Homosexualité
   &
      Science-Fiction Toutes les littératures et tous les films de l'imaginaire
 sous un regard pas comme les autres.

 

 


Le rêve du démiurge,

Ou 50 ans de comédie humaine 


   

  Mélusath    


 

Dernier roman du cycle publié au XXe siècle, "Mélusath" est certainement le premier roman vraiment fantastique du cycle. C'est aussi clairement celui où le mot démiurge trouve toute sa place et tout son sens. Passionné de théâtre, c'est dans ce décor qu'il connaît bien que Francis BERTHELOT a décidé de situer ce roman. J'en profite d'ailleurs pour mettre en garde dès maintenant le lecteur : ce roman demande de petites connaissances en mythologie grecque (les Atrides : Electre et sa famille), et la lecture de "Hamlet" est aussi vivement recommandée (d'autant que c'est l'une des rares pièces fantastiques de SHAKESPEARE, en plus d'être un chef-d'œuvre).

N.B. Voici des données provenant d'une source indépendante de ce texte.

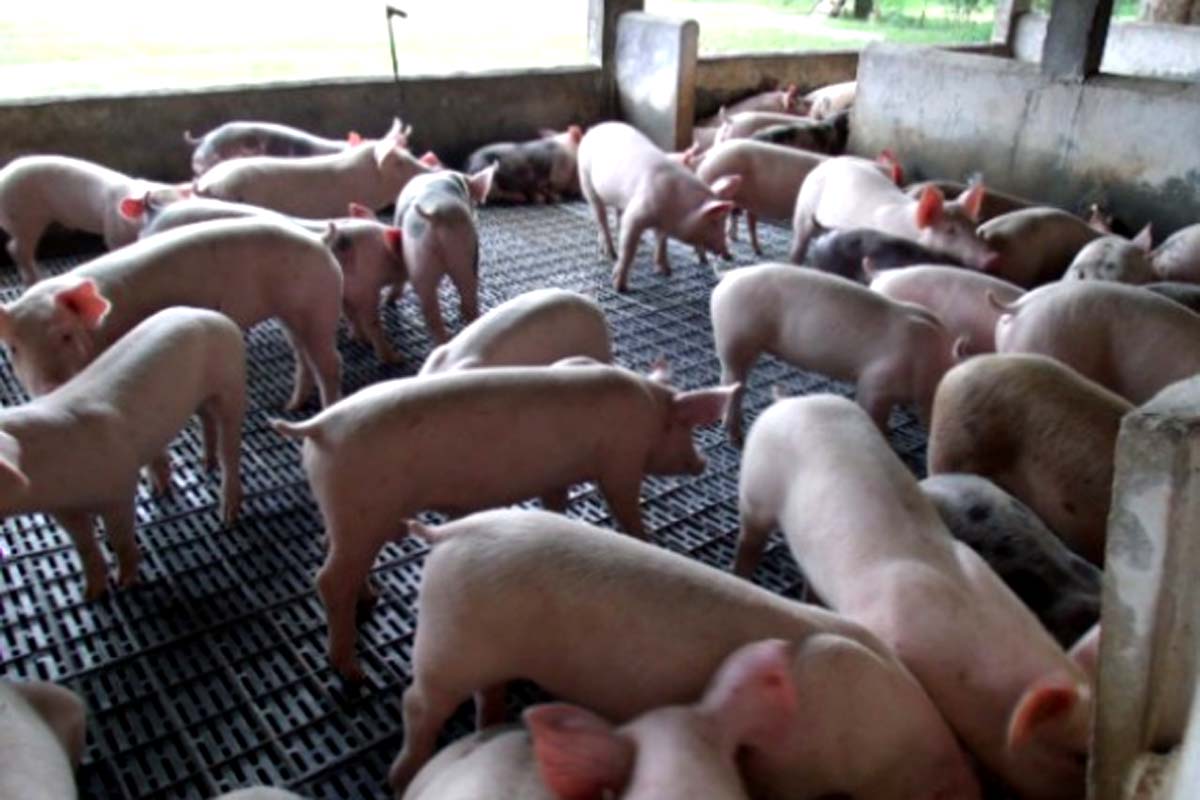 Rondônia viabiliza produção de suínos com foco em mercado e exportação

Katri est une femme pressée qui se rend à son travail. Pimpante actrice d'une quarantaine d'années, elle travaille pour la compagnie du théâtre du Dragon, dirigée par son jeune metteur en scène Wilfried. La compagnie ne tient en fait que grâce aux subsides du ministère de la culture, car ses pièces n'attirent pas les foules. Wilfried se résout donc à tenter un quitte ou double sur sa nouvelle pièce, « Oreste et Pylade », qui décidera de l'avenir de la compagnie. Tellement prise dans ses pensées (et pour cause), elle manque de chuter dans une bouche d'égout ouverte grâce à Gus, qui l'a interpellée juste avant qu'elle ne fasse le pas de trop.

Il lui révèle alors le pot aux roses : il s'agit en fait d'un trompe-l'œil qu'il a dessiné.

Séduite tant par l'art que par l'artiste, elle lui propose de venir avec elle pour le présenter à Wilfried, et en faire éventuellement le nouveau décorateur. Intégré rapidement à la troupe, il noue une relation assez ambiguë avec Wilfried, et Katri se sent donc flouée. Plus la première représentation approche, et plus il semble que la vie et le théâtre en viennent à se confondre, en ce sens que chacun des personnages semble correspondre à un personnage de la pièce. Un démiurge oeuvre-t-il dans l'ombre pour sceller les unions et briser les cœurs ?

Mais surtout, que dire de cet étrange trio :

1 - Katri, une actrice vieillissante rongée par le remords, totalement inconsciente de l'amour fou que lui porte Tom Boulon.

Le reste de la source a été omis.